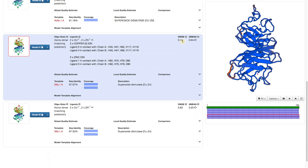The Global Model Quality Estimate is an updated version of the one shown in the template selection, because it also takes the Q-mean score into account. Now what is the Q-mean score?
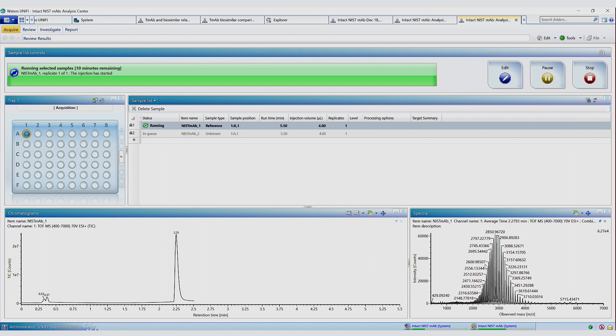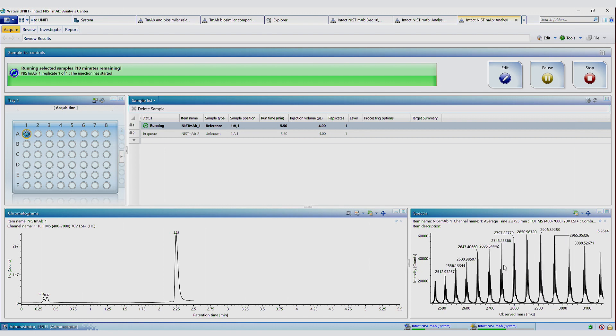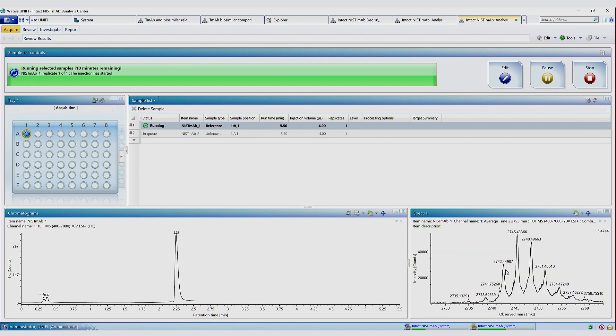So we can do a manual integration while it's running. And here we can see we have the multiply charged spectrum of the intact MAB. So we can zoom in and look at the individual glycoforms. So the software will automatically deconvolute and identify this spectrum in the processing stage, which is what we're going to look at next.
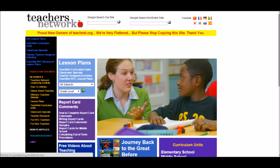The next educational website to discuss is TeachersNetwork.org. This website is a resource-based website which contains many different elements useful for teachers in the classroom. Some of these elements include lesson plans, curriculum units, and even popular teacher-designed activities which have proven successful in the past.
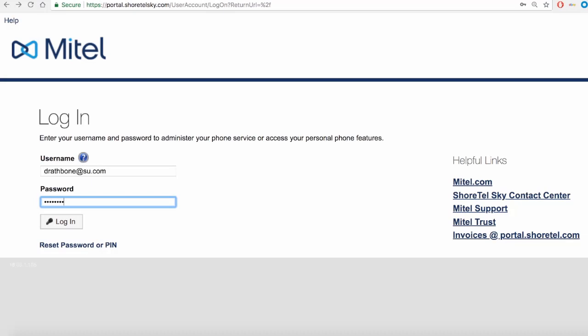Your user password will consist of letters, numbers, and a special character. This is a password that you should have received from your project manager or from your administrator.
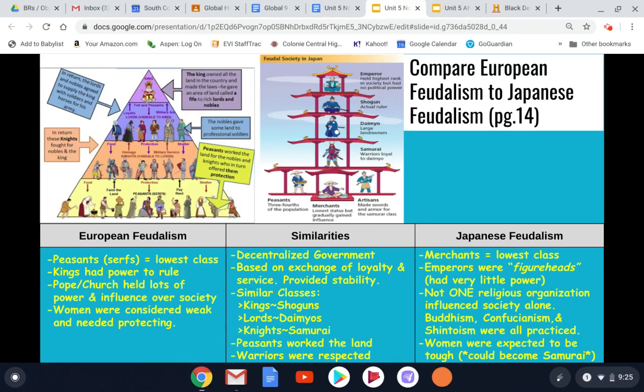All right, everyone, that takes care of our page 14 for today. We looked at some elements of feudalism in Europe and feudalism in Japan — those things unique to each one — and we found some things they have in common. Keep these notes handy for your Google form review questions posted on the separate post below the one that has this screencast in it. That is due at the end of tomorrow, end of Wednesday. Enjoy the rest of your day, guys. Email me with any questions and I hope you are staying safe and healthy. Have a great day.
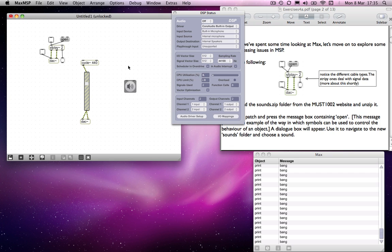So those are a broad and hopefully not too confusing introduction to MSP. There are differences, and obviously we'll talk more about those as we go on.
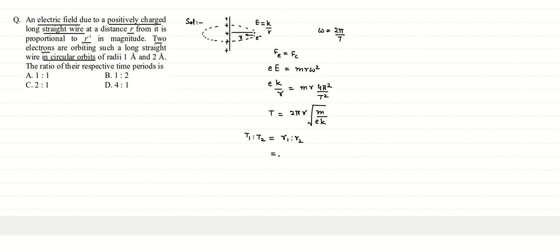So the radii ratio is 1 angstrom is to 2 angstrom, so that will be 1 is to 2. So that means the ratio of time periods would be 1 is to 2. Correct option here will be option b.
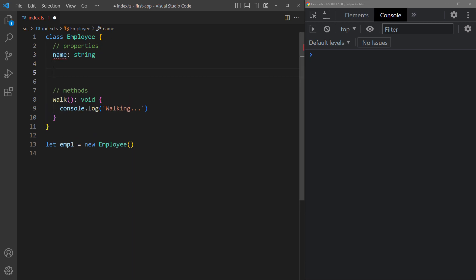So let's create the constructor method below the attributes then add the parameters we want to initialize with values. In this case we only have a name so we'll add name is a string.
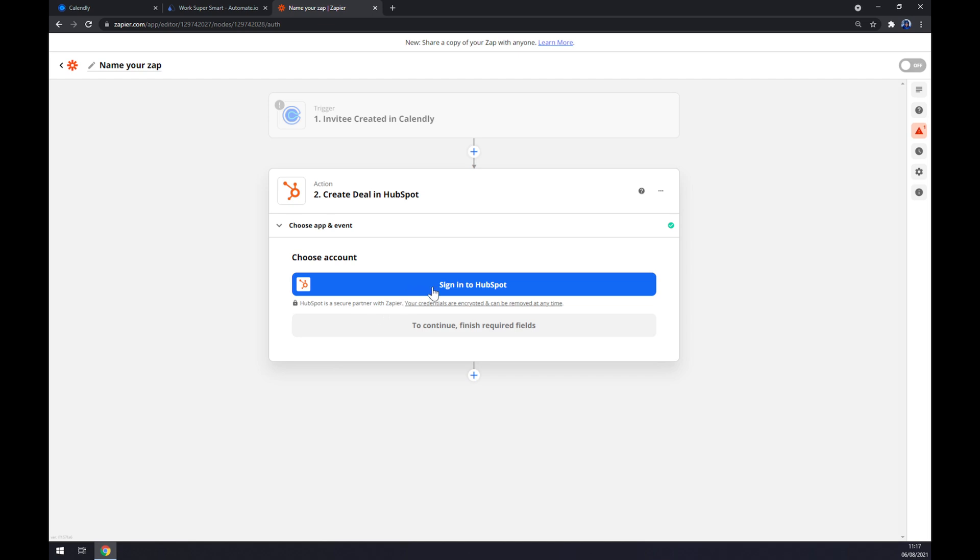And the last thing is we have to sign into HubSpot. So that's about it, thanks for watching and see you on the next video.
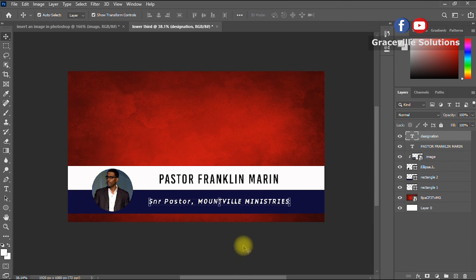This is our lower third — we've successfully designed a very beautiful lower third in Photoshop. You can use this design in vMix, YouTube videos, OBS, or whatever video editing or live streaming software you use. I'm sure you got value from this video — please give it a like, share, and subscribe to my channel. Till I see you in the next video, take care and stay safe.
━━━━━━━━━━━━━━━━
WORK ITEM
Word for word, reproduce all of the entries above and omit the pictures.

TASK OUTPUT
The Global Model Quality Estimate is an updated version of the one shown in the template selection, because it also takes the Q-mean score into account. Now what is the Q-mean score?
So we can do a manual integration while it's running. And here we can see we have the multiply charged spectrum of the intact MAB. So we can zoom in and look at the individual glycoforms. So the software will automatically deconvolute and identify this spectrum in the processing stage, which is what we're going to look at next.
The next educational website to discuss is TeachersNetwork.org. This website is a resource-based website which contains many different elements useful for teachers in the classroom. Some of these elements include lesson plans, curriculum units, and even popular teacher-designed activities which have proven successful in the past.
Your user password will consist of letters, numbers, and a special character. This is a password that you should have received from your project manager or from your administrator.
All right, everyone, that takes care of our page 14 for today. We looked at some elements of feudalism in Europe and feudalism in Japan — those things unique to each one — and we found some things they have in common. Keep these notes handy for your Google form review questions posted on the separate post below the one that has this screencast in it. That is due at the end of tomorrow, end of Wednesday. Enjoy the rest of your day, guys. Email me with any questions and I hope you are staying safe and healthy. Have a great day.
So those are a broad and hopefully not too confusing introduction to MSP. There are differences, and obviously we'll talk more about those as we go on.
So the radii ratio is 1 angstrom is to 2 angstrom, so that will be 1 is to 2. So that means the ratio of time periods would be 1 is to 2. Correct option here will be option b.
So let's create the constructor method below the attributes then add the parameters we want to initialize with values. In this case we only have a name so we'll add name is a string.
And the last thing is we have to sign into HubSpot. So that's about it, thanks for watching and see you on the next video.
This is our lower third — we've successfully designed a very beautiful lower third in Photoshop. You can use this design in vMix, YouTube videos, OBS, or whatever video editing or live streaming software you use. I'm sure you got value from this video — please give it a like, share, and subscribe to my channel. Till I see you in the next video, take care and stay safe.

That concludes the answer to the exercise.